To sprinkle salt into fans’ wounds, the Jaguars callously drafted another quarterback with the same No. 10 pick they had the year before (and had refused to use on the Tebow). They have profusely defended their decision, saying they already had a quarterback in David Garrard — who they waived a year later.

Like the losses they consistently accrue, the Jaguars have carried on their campaign of bad decisions. They kept deadpan coach Jack Del Rio for three or four too many seasons. They’ve repeatedly invested in quarterbacks they mistook as franchise players.

The latest, Blaine Gabbert, looks scared and gun-shy when rushers confront him. While Tebow was one of the greatest college players of our time, Gabbert threw a paltry 16 touchdowns his senior year at Missouri.

To say Tebow is a winner is like saying longtime Jaguars’ owner Wayne Weaver is wealthy. Tebow won two national championships in college and fostered the success of former Gator coach Urban Meyer.

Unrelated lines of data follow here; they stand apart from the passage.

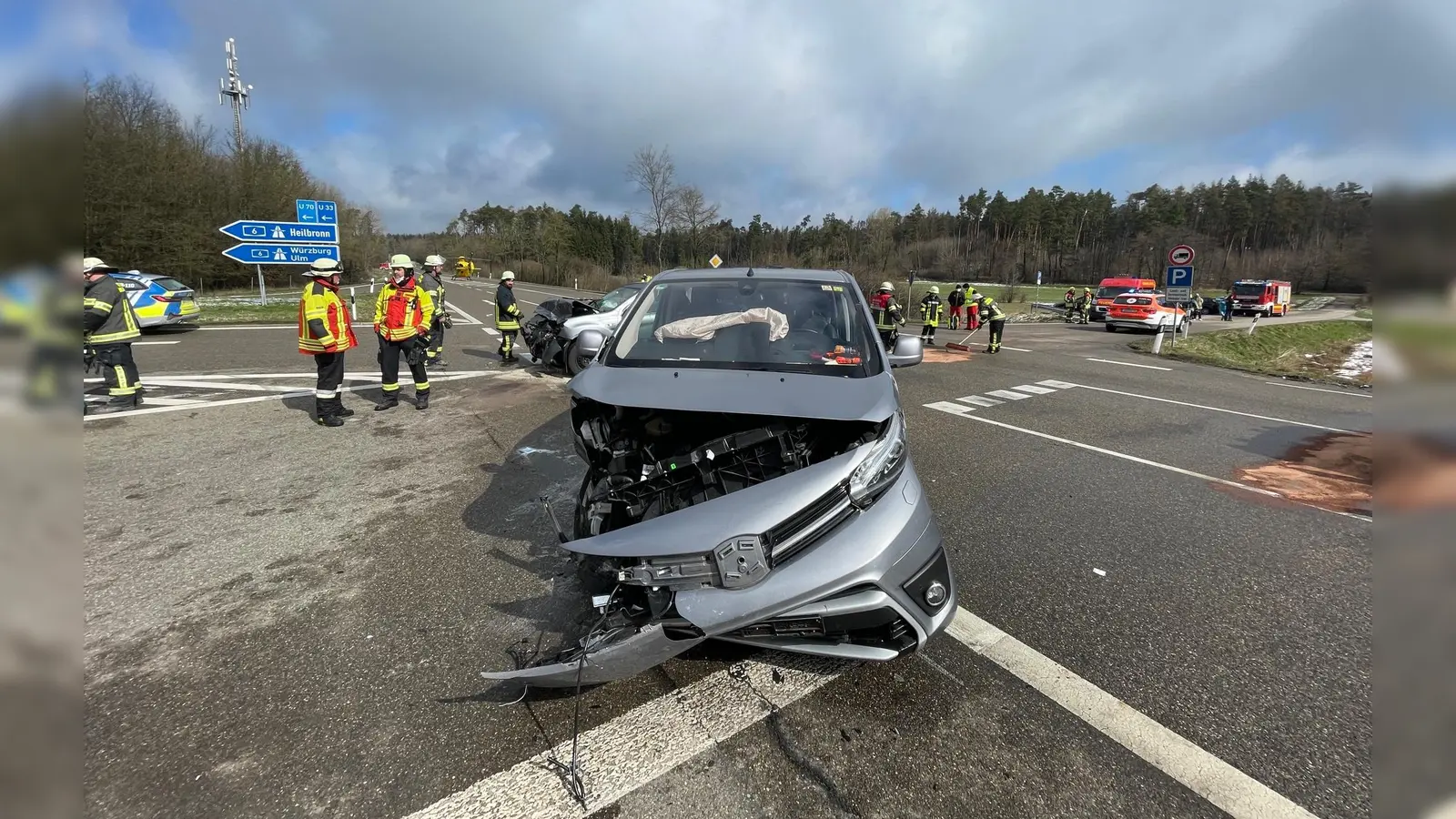 Bei Dorfgütingen hat sich am Samstag ein schwerer Verkehrsunfall ereignet.  (Foto: Sebastian Proff)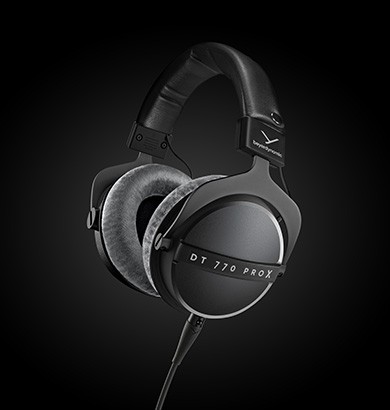 beyerdynamic DT 770 PRO: Closed studio headphones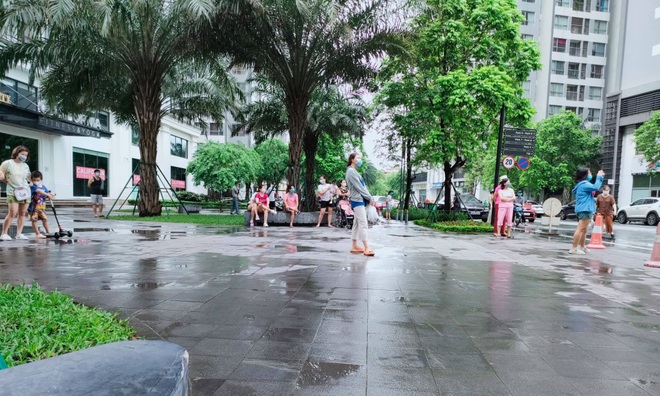Hà Nội: Nữ giúp việc nhảy từ tầng 18 chung cư - 3 Hà Nội: Nữ giúp việc nhảy từ tầng 18 chung cư - 3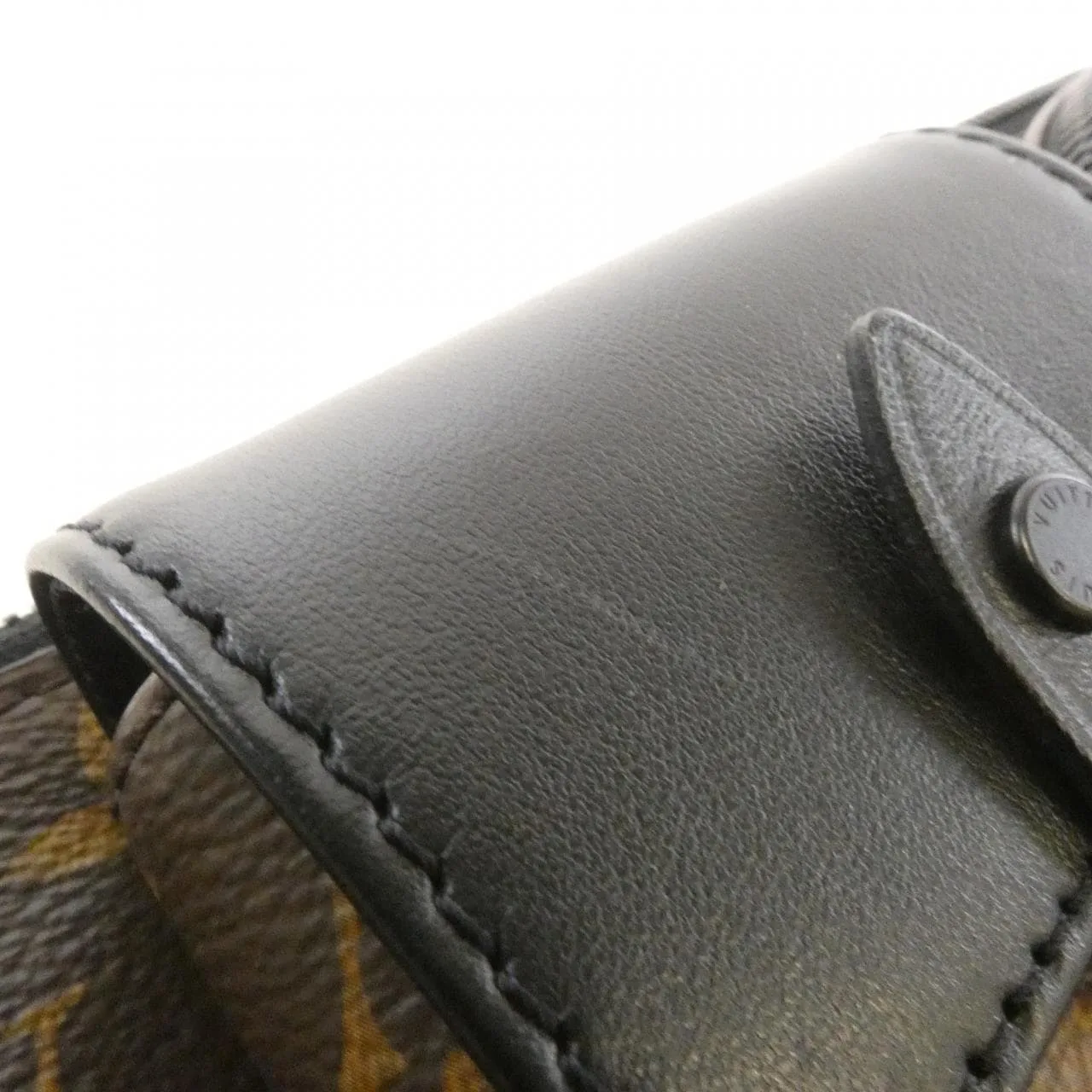 LOUIS VUITTON Christopher M45337 Shoulder Monogram Black Monogram Rank A - Thumbnail 4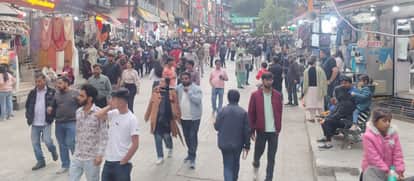 Rohtang closed, tourists flock to Manali's tourist spots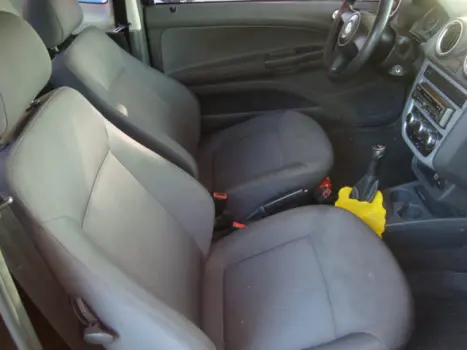 VOLKSWAGEN Saveiro 1.6 G5 TREND CABINE ESTENDIDA FLEX, Foto 2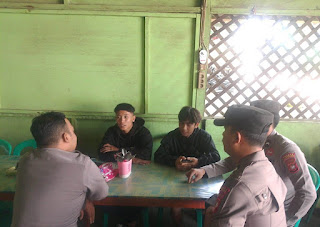 Patroli Siang Polsek Sekayam Perkuat Keamanan Warga di Titik Rawan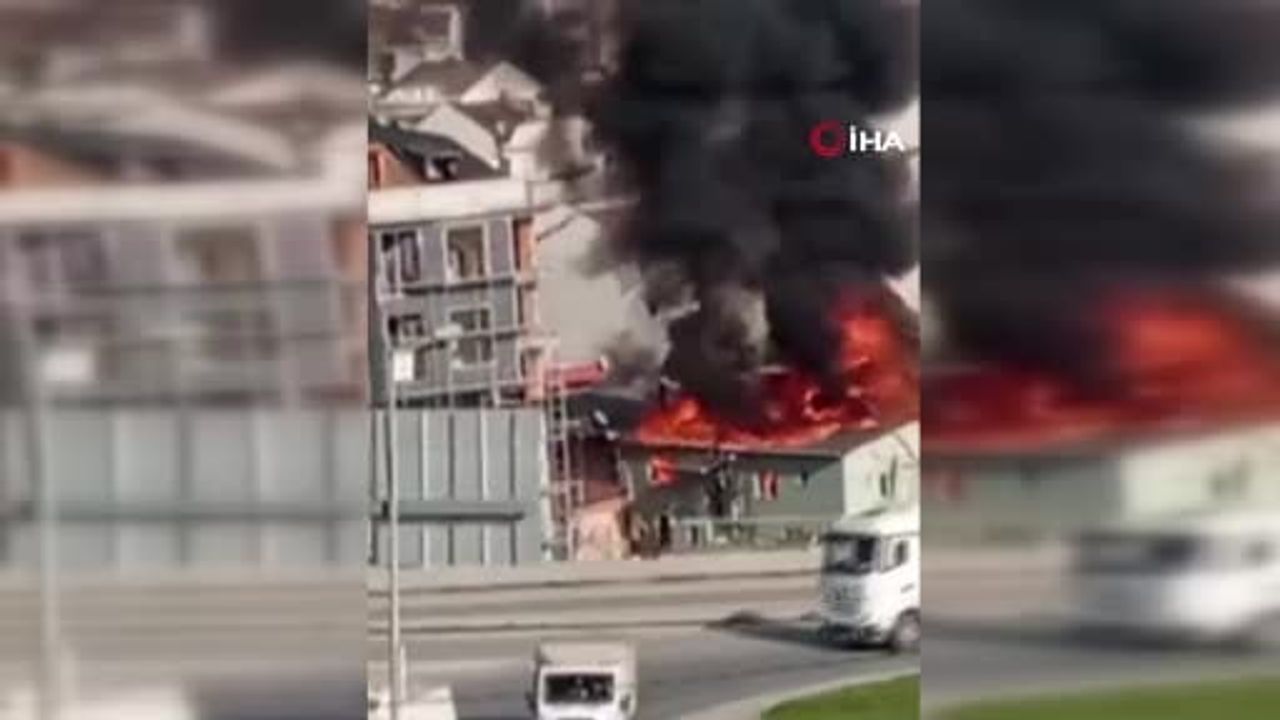 Arnavutköy'de boş iki katlı binanın çatısı alevlere teslim oldu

All Tebow has done in the NFL is take a below-average team in the Denver Broncos to a division title and a first-round playoff win over the defending conference champion Pittsburgh Steelers. When Tebow took over as starter, the Broncos were 1-4 and had just traded away their best receiver in Brandon Lloyd.

Many felt Broncos’ general manager John Elway was answering the fans’ screams for Tebow with the underlying and unspoken hope of seeing him fail. Tebow would have nothing of this.

His popularity has exponentially exploded. His practice of giving thanks by kneeling and praying on the field is widely identified as “tebowing” — and has been established as a verb by an on-line dictionary.

Steve Nicklas
Steve Nicklas

He engineered five remarkable come-from-behind victories and created a furor and mania that few can duplicate. He is the inspirational and heartwarming story of this season. Meanwhile, the most excitement in Jacksonville came from the curly-Q mustache of its new owner (who will probably move the team in three years due to a lack of success and fan support).

So what does Tebow humbly say at the press conference after a dazzling display of passing and running and decision-making in the victory over the vaunted Steelers?

“I’m just so blessed to be able to play quarterback for the Denver Broncos.” And to think he could have been talking about the Jacksonville Jaguars.